HOW TO COMPLETE THIS TASK
The answer must be an exact copy of the lines from the one with "The Mahāprajñāpāramitā Sūtra" to the last line of the entries below, both included, and must contain no pictures.

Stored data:
※
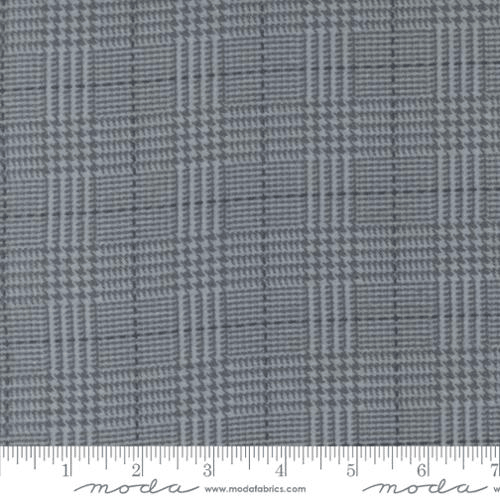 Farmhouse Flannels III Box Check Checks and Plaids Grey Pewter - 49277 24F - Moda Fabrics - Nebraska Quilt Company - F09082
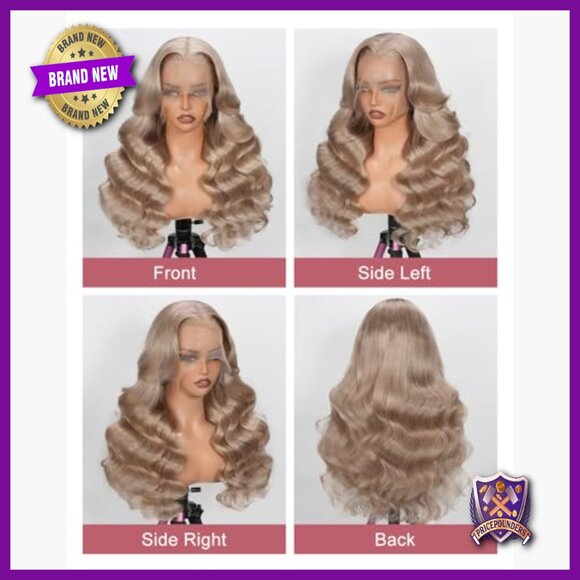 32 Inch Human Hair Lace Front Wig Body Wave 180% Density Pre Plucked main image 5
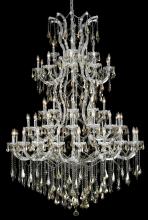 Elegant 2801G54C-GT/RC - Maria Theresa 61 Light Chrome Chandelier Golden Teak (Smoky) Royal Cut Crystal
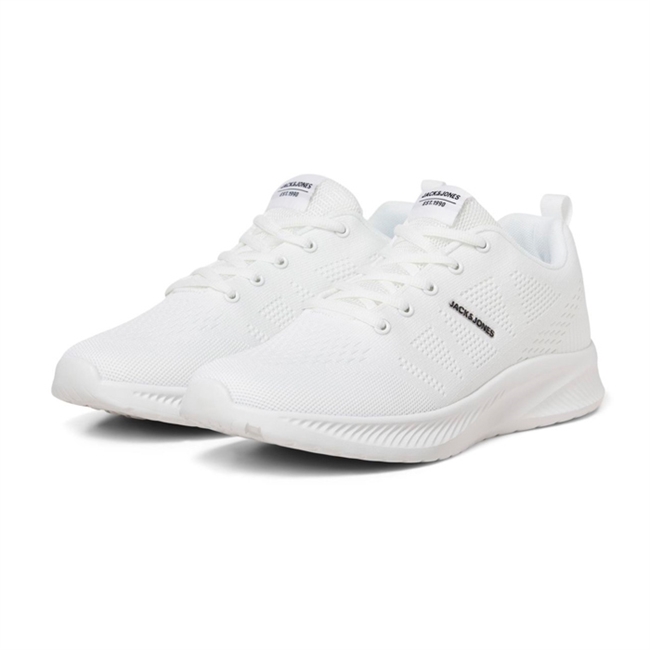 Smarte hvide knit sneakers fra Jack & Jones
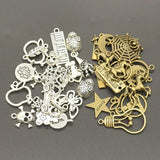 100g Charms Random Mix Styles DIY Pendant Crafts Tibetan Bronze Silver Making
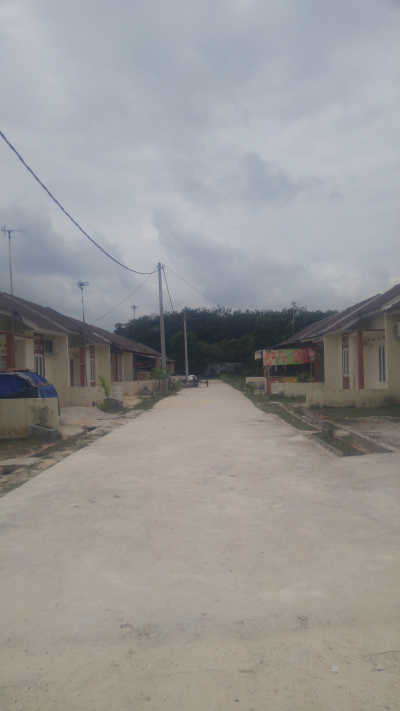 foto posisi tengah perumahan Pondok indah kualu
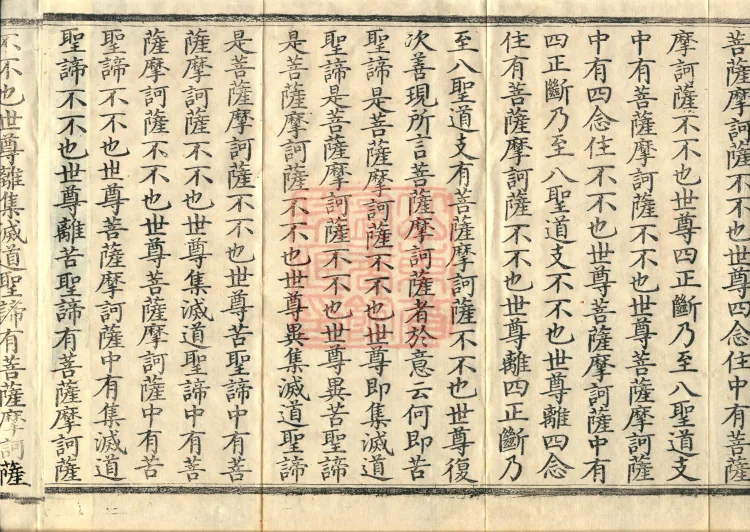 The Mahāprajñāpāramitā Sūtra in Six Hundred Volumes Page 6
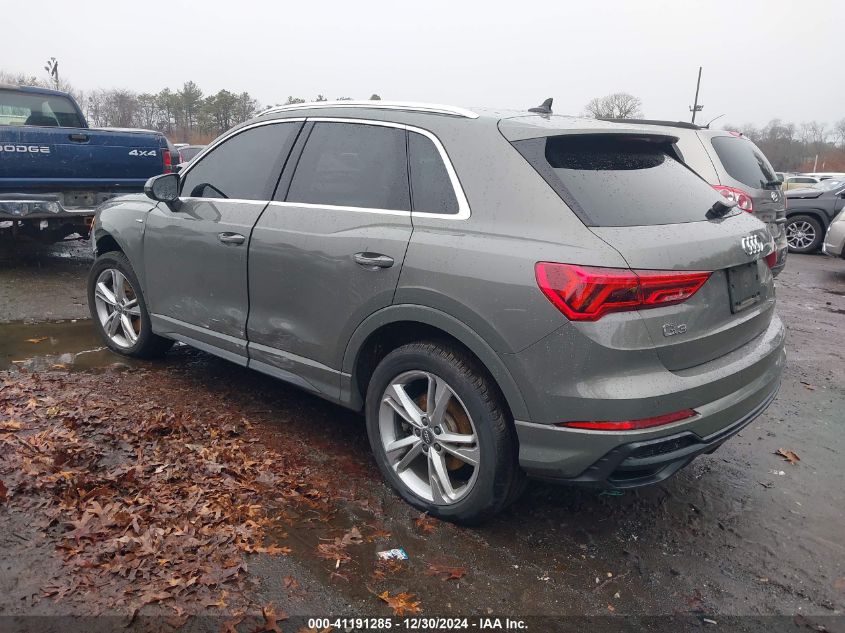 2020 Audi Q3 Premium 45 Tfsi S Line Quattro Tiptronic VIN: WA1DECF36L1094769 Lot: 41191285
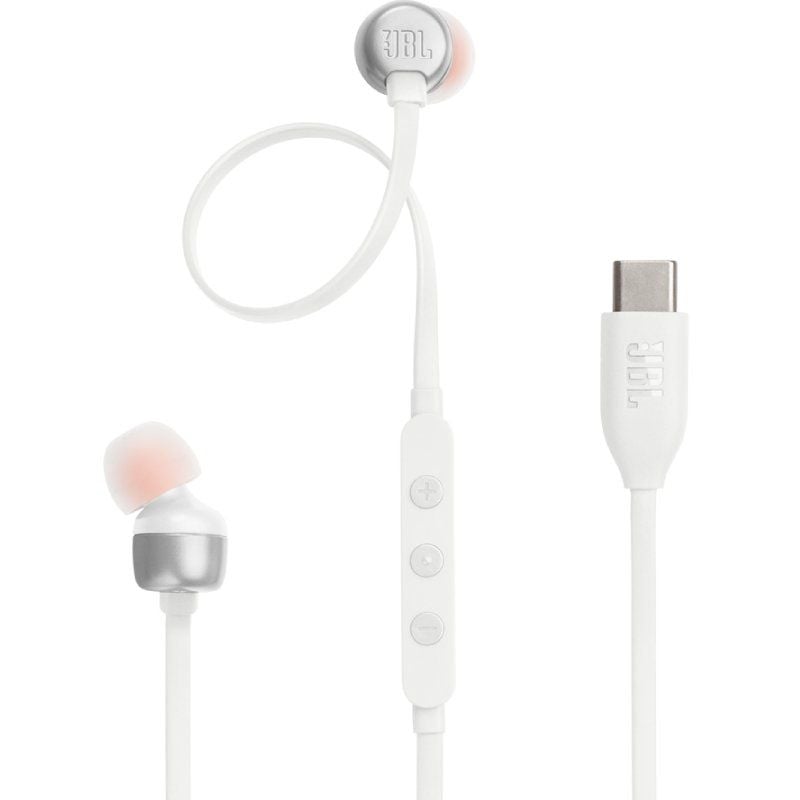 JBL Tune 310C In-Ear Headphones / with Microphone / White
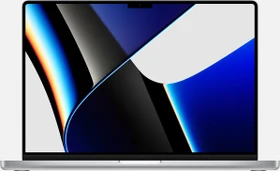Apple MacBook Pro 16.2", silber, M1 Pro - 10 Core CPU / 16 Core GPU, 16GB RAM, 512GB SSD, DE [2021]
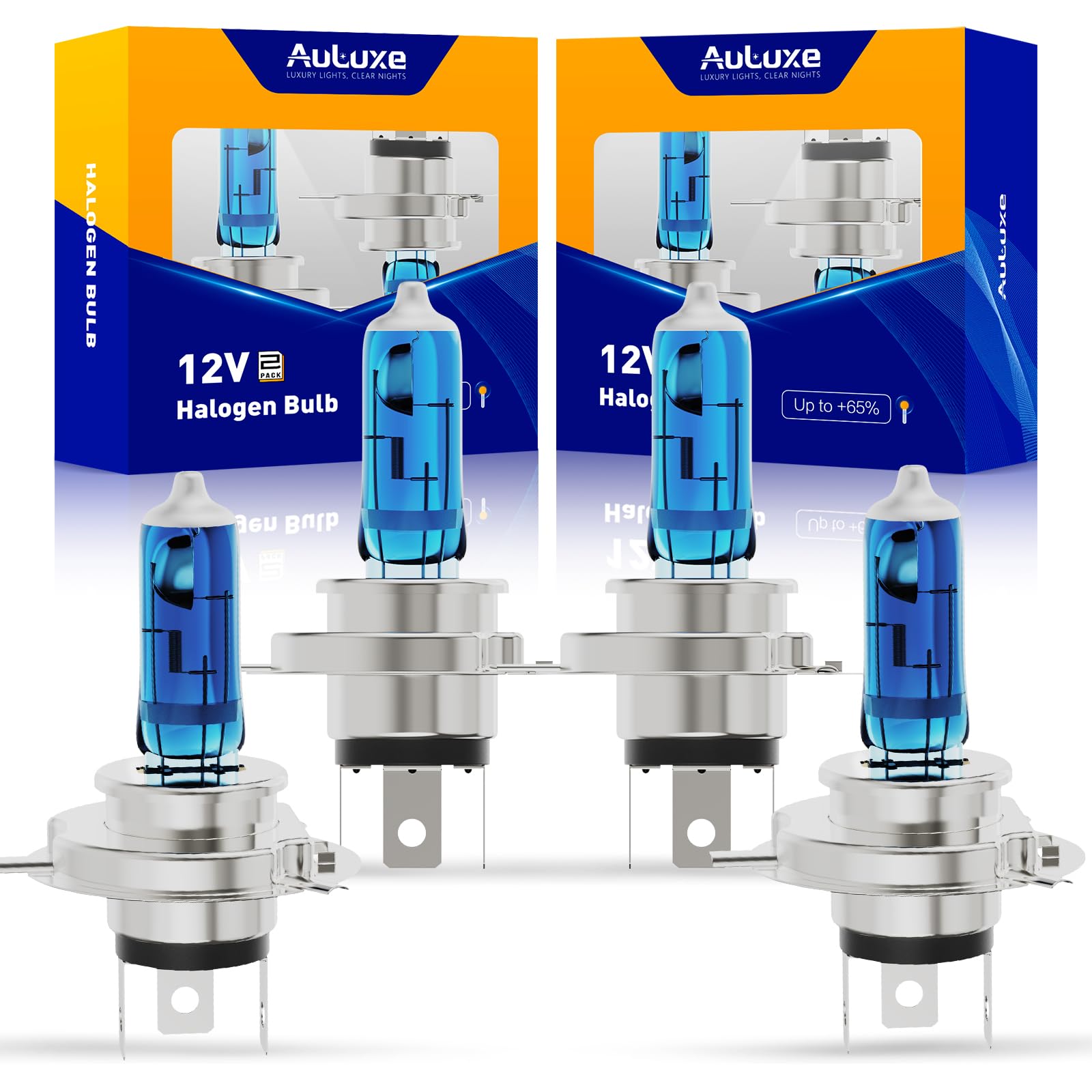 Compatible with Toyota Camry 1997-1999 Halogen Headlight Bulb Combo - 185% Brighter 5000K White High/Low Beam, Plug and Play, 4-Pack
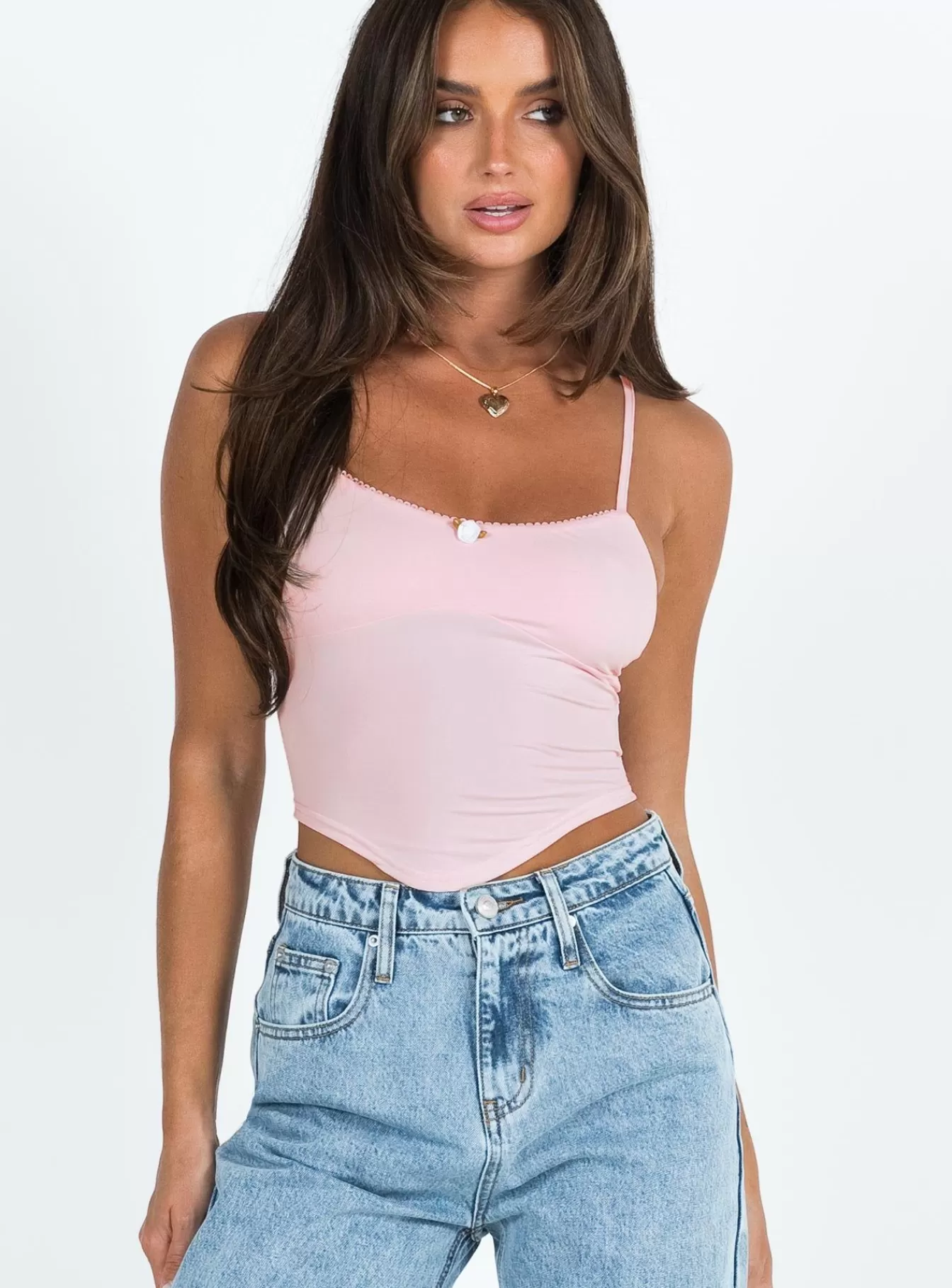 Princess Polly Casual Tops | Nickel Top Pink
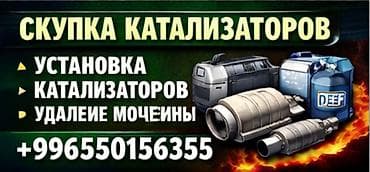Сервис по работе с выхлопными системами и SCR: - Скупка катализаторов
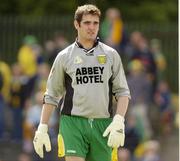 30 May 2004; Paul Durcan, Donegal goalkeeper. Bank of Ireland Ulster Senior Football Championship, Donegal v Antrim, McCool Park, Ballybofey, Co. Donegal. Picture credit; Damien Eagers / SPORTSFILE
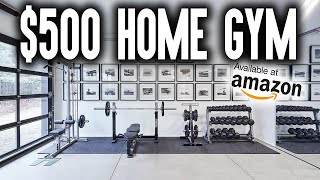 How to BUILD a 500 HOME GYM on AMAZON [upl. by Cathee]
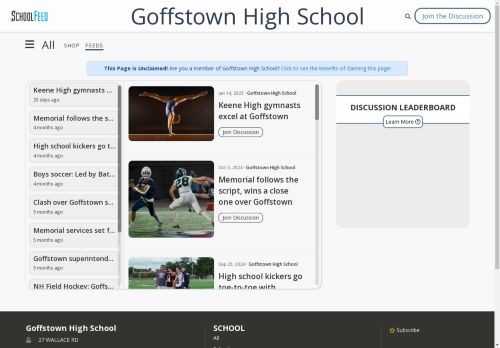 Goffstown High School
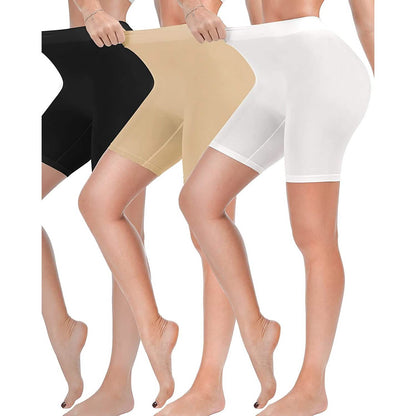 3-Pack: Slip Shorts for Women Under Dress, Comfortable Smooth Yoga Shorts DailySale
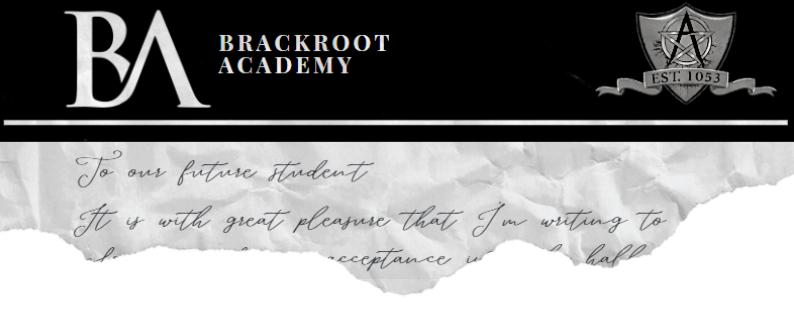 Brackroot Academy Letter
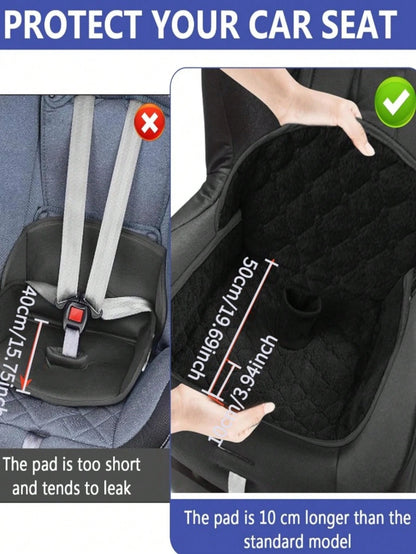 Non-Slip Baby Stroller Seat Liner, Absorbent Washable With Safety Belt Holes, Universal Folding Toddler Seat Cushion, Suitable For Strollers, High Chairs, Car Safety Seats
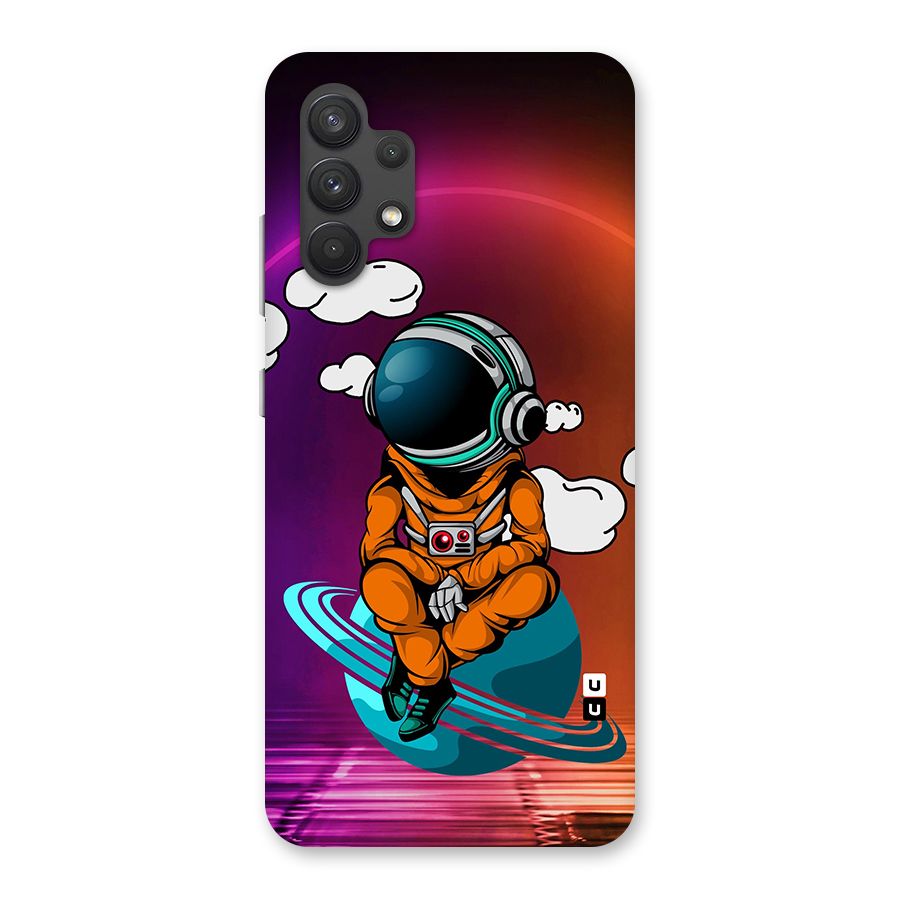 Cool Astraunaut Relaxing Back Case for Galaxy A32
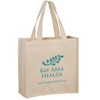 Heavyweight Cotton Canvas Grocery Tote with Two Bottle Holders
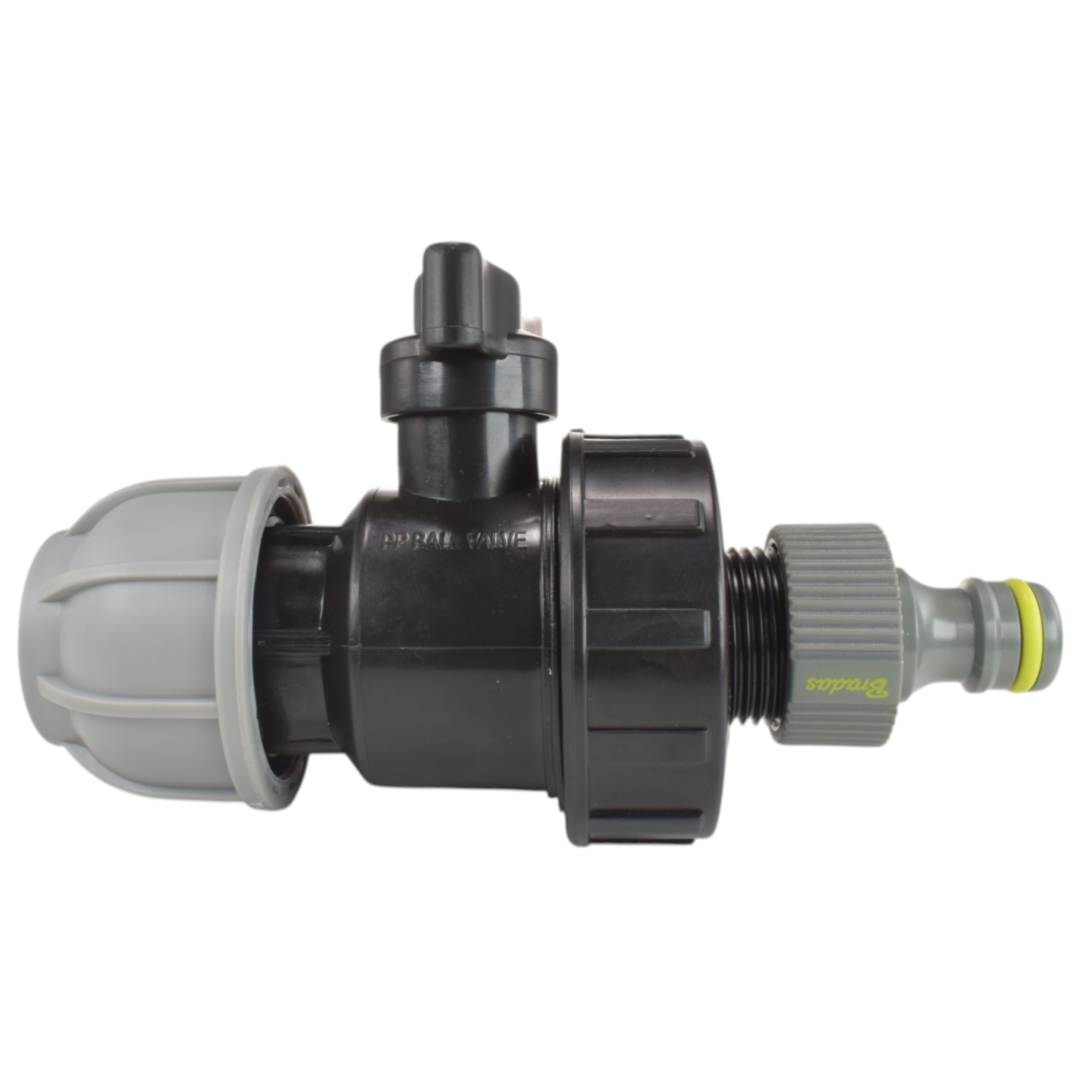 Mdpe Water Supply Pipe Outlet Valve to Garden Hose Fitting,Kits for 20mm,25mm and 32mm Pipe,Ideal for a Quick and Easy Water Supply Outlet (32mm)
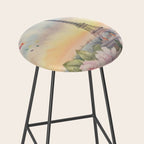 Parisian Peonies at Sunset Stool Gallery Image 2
※
SOLUTION TO THE EXERCISE
 The Mahāprajñāpāramitā Sūtra in Six Hundred Volumes Page 6
 2020 Audi Q3 Premium 45 Tfsi S Line Quattro Tiptronic VIN: WA1DECF36L1094769 Lot: 41191285
 JBL Tune 310C In-Ear Headphones / with Microphone / White
Apple MacBook Pro 16.2", silber, M1 Pro - 10 Core CPU / 16 Core GPU, 16GB RAM, 512GB SSD, DE [2021]
 Compatible with Toyota Camry 1997-1999 Halogen Headlight Bulb Combo - 185% Brighter 5000K White High/Low Beam, Plug and Play, 4-Pack
 Princess Polly Casual Tops | Nickel Top Pink
Сервис по работе с выхлопными системами и SCR: - Скупка катализаторов
 30 May 2004; Paul Durcan, Donegal goalkeeper. Bank of Ireland Ulster Senior Football Championship, Donegal v Antrim, McCool Park, Ballybofey, Co. Donegal. Picture credit; Damien Eagers / SPORTSFILE
 How to BUILD a 500 HOME GYM on AMAZON [upl. by Cathee]
 Goffstown High School
 3-Pack: Slip Shorts for Women Under Dress, Comfortable Smooth Yoga Shorts DailySale
 Brackroot Academy Letter
 Non-Slip Baby Stroller Seat Liner, Absorbent Washable With Safety Belt Holes, Universal Folding Toddler Seat Cushion, Suitable For Strollers, High Chairs, Car Safety Seats
 Cool Astraunaut Relaxing Back Case for Galaxy A32
 Heavyweight Cotton Canvas Grocery Tote with Two Bottle Holders
 Mdpe Water Supply Pipe Outlet Valve to Garden Hose Fitting,Kits for 20mm,25mm and 32mm Pipe,Ideal for a Quick and Easy Water Supply Outlet (32mm)
 Parisian Peonies at Sunset Stool Gallery Image 2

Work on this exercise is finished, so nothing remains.